Big businesses can't afford to focus on niches without going bankrupt. On the other hand, small businesses like startups and solo makers can focus on niches with great success.

What's special about startups and niches?

Let's go on a little adventure. Imagine it's the year 2009 and you're the CEO of the biggest hotel chain in the world, Hilton.

You hear about a young company called AirBnb, started by two poor guys living in a loft. They're competing for a culturally curious niche of your customers by allowing people to rent out their homes to them as an alternative to staying in a hotel. You laugh at their naiveté then promptly forget about them.

Now its the year 2018. You're still the CEO of Hilton. AirBnb is worth $30 billion, while Hilton Hotels is worth $7.8 billion. It's too late to compete now, and you can't buy them out. You kick yourself.

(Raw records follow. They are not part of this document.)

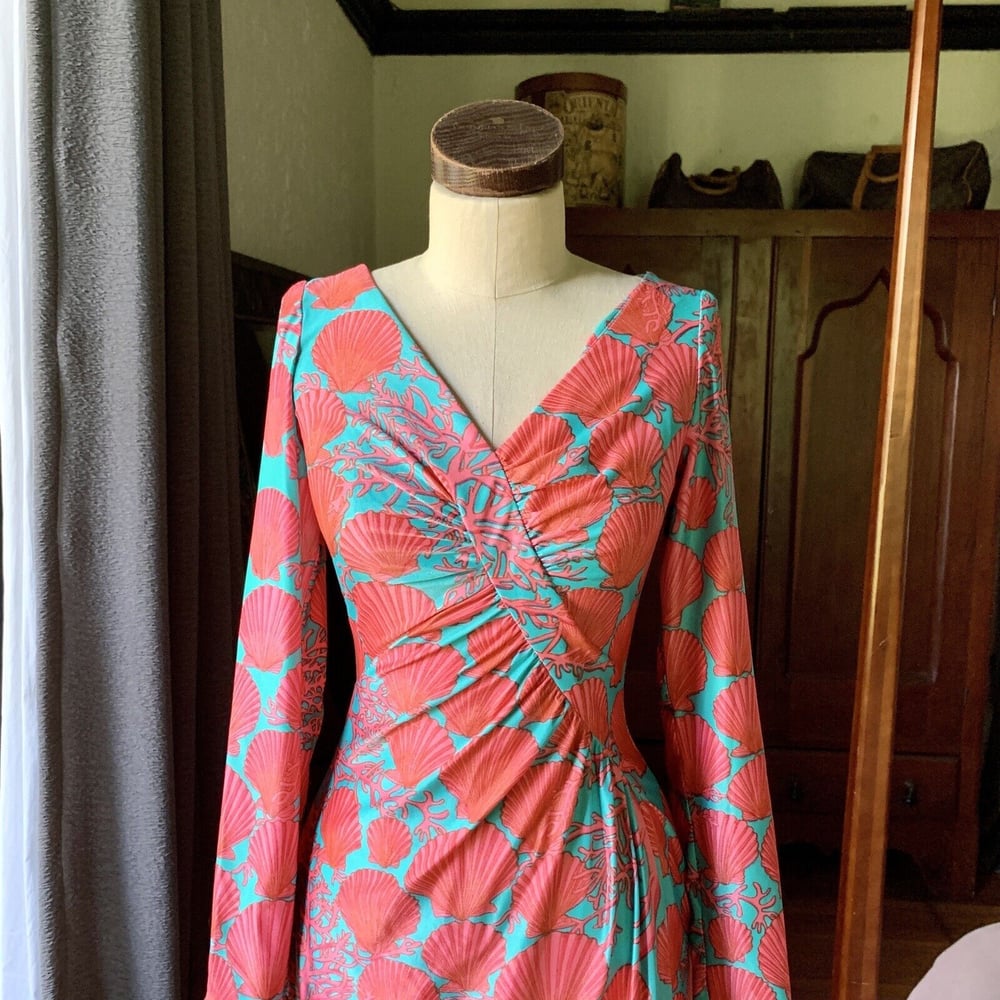 ROBERT DAVID MORTON Shell Coral Dress Small 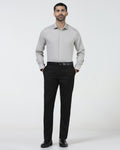 Black Solid Trouser - Marco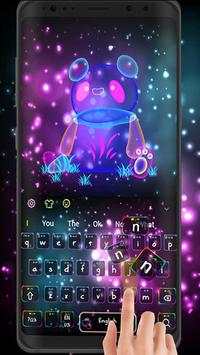 Neon Panda Bear Keyboard screenshot 1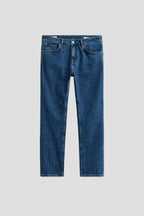 GANT Regular Fit Clean Wash Jeans - Mid Blue Vintage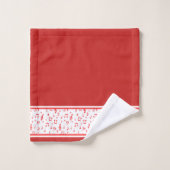 Rode muzikale thema bad handdoek (Wasdoekje)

Here's the real kicker: Even if you tried to beat them in 2009, AirBnb would have had a natural advantage as a function of their size. Many of a startup's strengths come from its compact footprint.

A small company can attach itself to a niche of people and tailor whatever it produces to their needs. Products and services can be improved by bouncing ideas off customers like sonar, each bounce represents an improvement to the project. This is how to make things that excite people.

Competition is for losers

Look familiar?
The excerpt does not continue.